=== WHAT TO WORK ON ===
Return the entries exactly as they appear.

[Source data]
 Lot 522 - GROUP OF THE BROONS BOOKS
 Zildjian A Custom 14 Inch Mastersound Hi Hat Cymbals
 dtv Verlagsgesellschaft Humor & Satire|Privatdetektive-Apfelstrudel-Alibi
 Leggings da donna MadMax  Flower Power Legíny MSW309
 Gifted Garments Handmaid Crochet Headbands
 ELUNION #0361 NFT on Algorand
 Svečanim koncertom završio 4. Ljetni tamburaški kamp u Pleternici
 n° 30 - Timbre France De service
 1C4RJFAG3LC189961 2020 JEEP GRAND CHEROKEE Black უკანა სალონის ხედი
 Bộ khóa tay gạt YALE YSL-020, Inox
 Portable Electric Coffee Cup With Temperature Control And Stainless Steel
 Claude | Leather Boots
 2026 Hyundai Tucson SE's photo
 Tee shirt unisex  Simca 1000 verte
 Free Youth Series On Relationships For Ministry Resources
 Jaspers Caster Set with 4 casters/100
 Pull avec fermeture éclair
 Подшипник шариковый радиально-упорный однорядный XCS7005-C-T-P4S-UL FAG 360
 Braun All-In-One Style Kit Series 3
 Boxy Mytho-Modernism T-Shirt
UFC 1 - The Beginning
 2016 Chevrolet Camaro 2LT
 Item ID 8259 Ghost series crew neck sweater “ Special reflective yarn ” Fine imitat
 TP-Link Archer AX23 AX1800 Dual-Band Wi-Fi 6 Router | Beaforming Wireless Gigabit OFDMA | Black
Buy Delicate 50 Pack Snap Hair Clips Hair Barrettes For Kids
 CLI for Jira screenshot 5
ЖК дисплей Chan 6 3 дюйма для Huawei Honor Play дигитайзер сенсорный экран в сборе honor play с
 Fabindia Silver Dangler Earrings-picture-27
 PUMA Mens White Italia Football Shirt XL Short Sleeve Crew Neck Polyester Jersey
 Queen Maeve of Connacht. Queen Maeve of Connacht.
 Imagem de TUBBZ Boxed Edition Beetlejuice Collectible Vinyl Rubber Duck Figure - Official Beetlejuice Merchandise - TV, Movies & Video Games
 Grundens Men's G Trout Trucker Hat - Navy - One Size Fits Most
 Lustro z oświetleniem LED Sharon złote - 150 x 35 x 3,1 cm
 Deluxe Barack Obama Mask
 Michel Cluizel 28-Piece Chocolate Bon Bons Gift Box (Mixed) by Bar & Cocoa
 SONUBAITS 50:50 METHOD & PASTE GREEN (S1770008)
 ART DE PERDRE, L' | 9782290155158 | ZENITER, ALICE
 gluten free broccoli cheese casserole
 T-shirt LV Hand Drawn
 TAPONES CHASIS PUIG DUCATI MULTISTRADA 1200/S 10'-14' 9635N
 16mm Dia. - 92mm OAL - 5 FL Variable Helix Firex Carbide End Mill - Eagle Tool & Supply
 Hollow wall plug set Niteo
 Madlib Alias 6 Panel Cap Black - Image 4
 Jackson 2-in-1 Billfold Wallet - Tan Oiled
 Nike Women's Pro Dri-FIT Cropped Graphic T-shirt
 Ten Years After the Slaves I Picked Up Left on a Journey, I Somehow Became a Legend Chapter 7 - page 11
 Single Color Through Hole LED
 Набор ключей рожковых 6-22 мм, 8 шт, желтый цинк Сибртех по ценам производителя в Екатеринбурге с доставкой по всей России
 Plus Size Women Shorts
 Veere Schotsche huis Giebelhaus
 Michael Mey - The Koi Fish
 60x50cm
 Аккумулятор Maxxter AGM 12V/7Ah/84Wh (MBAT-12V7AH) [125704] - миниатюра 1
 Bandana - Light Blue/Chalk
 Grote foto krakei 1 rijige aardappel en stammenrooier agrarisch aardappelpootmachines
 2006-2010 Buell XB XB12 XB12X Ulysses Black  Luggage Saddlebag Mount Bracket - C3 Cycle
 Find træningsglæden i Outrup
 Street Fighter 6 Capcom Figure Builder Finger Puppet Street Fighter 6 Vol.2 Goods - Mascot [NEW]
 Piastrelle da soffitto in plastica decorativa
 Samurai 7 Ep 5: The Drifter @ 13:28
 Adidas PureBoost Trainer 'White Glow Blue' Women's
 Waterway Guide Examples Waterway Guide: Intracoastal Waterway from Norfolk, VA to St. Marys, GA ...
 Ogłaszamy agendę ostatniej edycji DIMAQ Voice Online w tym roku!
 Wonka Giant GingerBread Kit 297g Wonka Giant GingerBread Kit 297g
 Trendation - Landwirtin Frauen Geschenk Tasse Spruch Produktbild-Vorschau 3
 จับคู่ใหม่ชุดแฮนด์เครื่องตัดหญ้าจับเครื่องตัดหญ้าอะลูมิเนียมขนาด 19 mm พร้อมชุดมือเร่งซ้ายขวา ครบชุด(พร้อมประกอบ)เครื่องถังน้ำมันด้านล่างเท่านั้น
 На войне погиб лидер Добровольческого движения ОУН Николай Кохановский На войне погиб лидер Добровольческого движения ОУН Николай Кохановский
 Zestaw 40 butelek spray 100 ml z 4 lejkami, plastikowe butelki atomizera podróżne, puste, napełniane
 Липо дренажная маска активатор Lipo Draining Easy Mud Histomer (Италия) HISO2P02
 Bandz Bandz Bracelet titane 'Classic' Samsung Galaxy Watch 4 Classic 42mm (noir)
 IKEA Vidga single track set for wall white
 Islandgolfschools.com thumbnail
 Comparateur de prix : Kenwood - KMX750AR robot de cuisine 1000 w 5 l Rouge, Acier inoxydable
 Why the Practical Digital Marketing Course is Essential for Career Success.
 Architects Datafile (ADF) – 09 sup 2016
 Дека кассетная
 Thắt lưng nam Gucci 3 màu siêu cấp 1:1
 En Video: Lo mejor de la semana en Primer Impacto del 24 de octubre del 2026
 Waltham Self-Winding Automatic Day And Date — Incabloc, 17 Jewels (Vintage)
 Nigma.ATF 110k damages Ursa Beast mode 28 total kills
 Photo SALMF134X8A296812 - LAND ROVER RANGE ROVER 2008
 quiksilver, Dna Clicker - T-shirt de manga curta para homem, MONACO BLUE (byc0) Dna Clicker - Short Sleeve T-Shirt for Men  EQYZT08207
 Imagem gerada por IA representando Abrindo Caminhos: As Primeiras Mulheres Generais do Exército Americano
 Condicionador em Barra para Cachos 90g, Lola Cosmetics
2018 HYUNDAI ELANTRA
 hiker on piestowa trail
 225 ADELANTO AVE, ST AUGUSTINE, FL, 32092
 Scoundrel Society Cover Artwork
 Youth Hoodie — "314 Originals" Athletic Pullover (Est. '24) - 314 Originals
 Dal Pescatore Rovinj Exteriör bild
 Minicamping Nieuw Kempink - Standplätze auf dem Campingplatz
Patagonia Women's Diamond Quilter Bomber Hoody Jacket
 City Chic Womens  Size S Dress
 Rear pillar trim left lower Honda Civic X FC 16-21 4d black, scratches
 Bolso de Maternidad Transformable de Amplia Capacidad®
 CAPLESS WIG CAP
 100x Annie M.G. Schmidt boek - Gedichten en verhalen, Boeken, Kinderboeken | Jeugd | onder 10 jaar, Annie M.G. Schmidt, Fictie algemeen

=== ANSWER TO THIS TASK ===
 Lot 522 - GROUP OF THE BROONS BOOKS
 Zildjian A Custom 14 Inch Mastersound Hi Hat Cymbals
 dtv Verlagsgesellschaft Humor & Satire|Privatdetektive-Apfelstrudel-Alibi
 Leggings da donna MadMax  Flower Power Legíny MSW309
 Gifted Garments Handmaid Crochet Headbands
 ELUNION #0361 NFT on Algorand
 Svečanim koncertom završio 4. Ljetni tamburaški kamp u Pleternici
 n° 30 - Timbre France De service
 1C4RJFAG3LC189961 2020 JEEP GRAND CHEROKEE Black უკანა სალონის ხედი
 Bộ khóa tay gạt YALE YSL-020, Inox
 Portable Electric Coffee Cup With Temperature Control And Stainless Steel
 Claude | Leather Boots
 2026 Hyundai Tucson SE's photo
 Tee shirt unisex  Simca 1000 verte
 Free Youth Series On Relationships For Ministry Resources
 Jaspers Caster Set with 4 casters/100
 Pull avec fermeture éclair
 Подшипник шариковый радиально-упорный однорядный XCS7005-C-T-P4S-UL FAG 360
 Braun All-In-One Style Kit Series 3
 Boxy Mytho-Modernism T-Shirt
UFC 1 - The Beginning
 2016 Chevrolet Camaro 2LT
 Item ID 8259 Ghost series crew neck sweater “ Special reflective yarn ” Fine imitat
 TP-Link Archer AX23 AX1800 Dual-Band Wi-Fi 6 Router | Beaforming Wireless Gigabit OFDMA | Black
Buy Delicate 50 Pack Snap Hair Clips Hair Barrettes For Kids
 CLI for Jira screenshot 5
ЖК дисплей Chan 6 3 дюйма для Huawei Honor Play дигитайзер сенсорный экран в сборе honor play с
 Fabindia Silver Dangler Earrings-picture-27
 PUMA Mens White Italia Football Shirt XL Short Sleeve Crew Neck Polyester Jersey
 Queen Maeve of Connacht. Queen Maeve of Connacht.
 Imagem de TUBBZ Boxed Edition Beetlejuice Collectible Vinyl Rubber Duck Figure - Official Beetlejuice Merchandise - TV, Movies & Video Games
 Grundens Men's G Trout Trucker Hat - Navy - One Size Fits Most
 Lustro z oświetleniem LED Sharon złote - 150 x 35 x 3,1 cm
 Deluxe Barack Obama Mask
 Michel Cluizel 28-Piece Chocolate Bon Bons Gift Box (Mixed) by Bar & Cocoa
 SONUBAITS 50:50 METHOD & PASTE GREEN (S1770008)
 ART DE PERDRE, L' | 9782290155158 | ZENITER, ALICE
 gluten free broccoli cheese casserole
 T-shirt LV Hand Drawn
 TAPONES CHASIS PUIG DUCATI MULTISTRADA 1200/S 10'-14' 9635N
 16mm Dia. - 92mm OAL - 5 FL Variable Helix Firex Carbide End Mill - Eagle Tool & Supply
 Hollow wall plug set Niteo
 Madlib Alias 6 Panel Cap Black - Image 4
 Jackson 2-in-1 Billfold Wallet - Tan Oiled
 Nike Women's Pro Dri-FIT Cropped Graphic T-shirt
 Ten Years After the Slaves I Picked Up Left on a Journey, I Somehow Became a Legend Chapter 7 - page 11
 Single Color Through Hole LED
 Набор ключей рожковых 6-22 мм, 8 шт, желтый цинк Сибртех по ценам производителя в Екатеринбурге с доставкой по всей России
 Plus Size Women Shorts
 Veere Schotsche huis Giebelhaus
 Michael Mey - The Koi Fish
 60x50cm
 Аккумулятор Maxxter AGM 12V/7Ah/84Wh (MBAT-12V7AH) [125704] - миниатюра 1
 Bandana - Light Blue/Chalk
 Grote foto krakei 1 rijige aardappel en stammenrooier agrarisch aardappelpootmachines
 2006-2010 Buell XB XB12 XB12X Ulysses Black  Luggage Saddlebag Mount Bracket - C3 Cycle
 Find træningsglæden i Outrup
 Street Fighter 6 Capcom Figure Builder Finger Puppet Street Fighter 6 Vol.2 Goods - Mascot [NEW]
 Piastrelle da soffitto in plastica decorativa
 Samurai 7 Ep 5: The Drifter @ 13:28
 Adidas PureBoost Trainer 'White Glow Blue' Women's
 Waterway Guide Examples Waterway Guide: Intracoastal Waterway from Norfolk, VA to St. Marys, GA ...
 Ogłaszamy agendę ostatniej edycji DIMAQ Voice Online w tym roku!
 Wonka Giant GingerBread Kit 297g Wonka Giant GingerBread Kit 297g
 Trendation - Landwirtin Frauen Geschenk Tasse Spruch Produktbild-Vorschau 3
 จับคู่ใหม่ชุดแฮนด์เครื่องตัดหญ้าจับเครื่องตัดหญ้าอะลูมิเนียมขนาด 19 mm พร้อมชุดมือเร่งซ้ายขวา ครบชุด(พร้อมประกอบ)เครื่องถังน้ำมันด้านล่างเท่านั้น
 На войне погиб лидер Добровольческого движения ОУН Николай Кохановский На войне погиб лидер Добровольческого движения ОУН Николай Кохановский
 Zestaw 40 butelek spray 100 ml z 4 lejkami, plastikowe butelki atomizera podróżne, puste, napełniane
 Липо дренажная маска активатор Lipo Draining Easy Mud Histomer (Италия) HISO2P02
 Bandz Bandz Bracelet titane 'Classic' Samsung Galaxy Watch 4 Classic 42mm (noir)
 IKEA Vidga single track set for wall white
 Islandgolfschools.com thumbnail
 Comparateur de prix : Kenwood - KMX750AR robot de cuisine 1000 w 5 l Rouge, Acier inoxydable
 Why the Practical Digital Marketing Course is Essential for Career Success.
 Architects Datafile (ADF) – 09 sup 2016
 Дека кассетная
 Thắt lưng nam Gucci 3 màu siêu cấp 1:1
 En Video: Lo mejor de la semana en Primer Impacto del 24 de octubre del 2026
 Waltham Self-Winding Automatic Day And Date — Incabloc, 17 Jewels (Vintage)
 Nigma.ATF 110k damages Ursa Beast mode 28 total kills
 Photo SALMF134X8A296812 - LAND ROVER RANGE ROVER 2008
 quiksilver, Dna Clicker - T-shirt de manga curta para homem, MONACO BLUE (byc0) Dna Clicker - Short Sleeve T-Shirt for Men  EQYZT08207
 Imagem gerada por IA representando Abrindo Caminhos: As Primeiras Mulheres Generais do Exército Americano
 Condicionador em Barra para Cachos 90g, Lola Cosmetics
2018 HYUNDAI ELANTRA
 hiker on piestowa trail
 225 ADELANTO AVE, ST AUGUSTINE, FL, 32092
 Scoundrel Society Cover Artwork
 Youth Hoodie — "314 Originals" Athletic Pullover (Est. '24) - 314 Originals
 Dal Pescatore Rovinj Exteriör bild
 Minicamping Nieuw Kempink - Standplätze auf dem Campingplatz
Patagonia Women's Diamond Quilter Bomber Hoody Jacket
 City Chic Womens  Size S Dress
 Rear pillar trim left lower Honda Civic X FC 16-21 4d black, scratches
 Bolso de Maternidad Transformable de Amplia Capacidad®
 CAPLESS WIG CAP
 100x Annie M.G. Schmidt boek - Gedichten en verhalen, Boeken, Kinderboeken | Jeugd | onder 10 jaar, Annie M.G. Schmidt, Fictie algemeen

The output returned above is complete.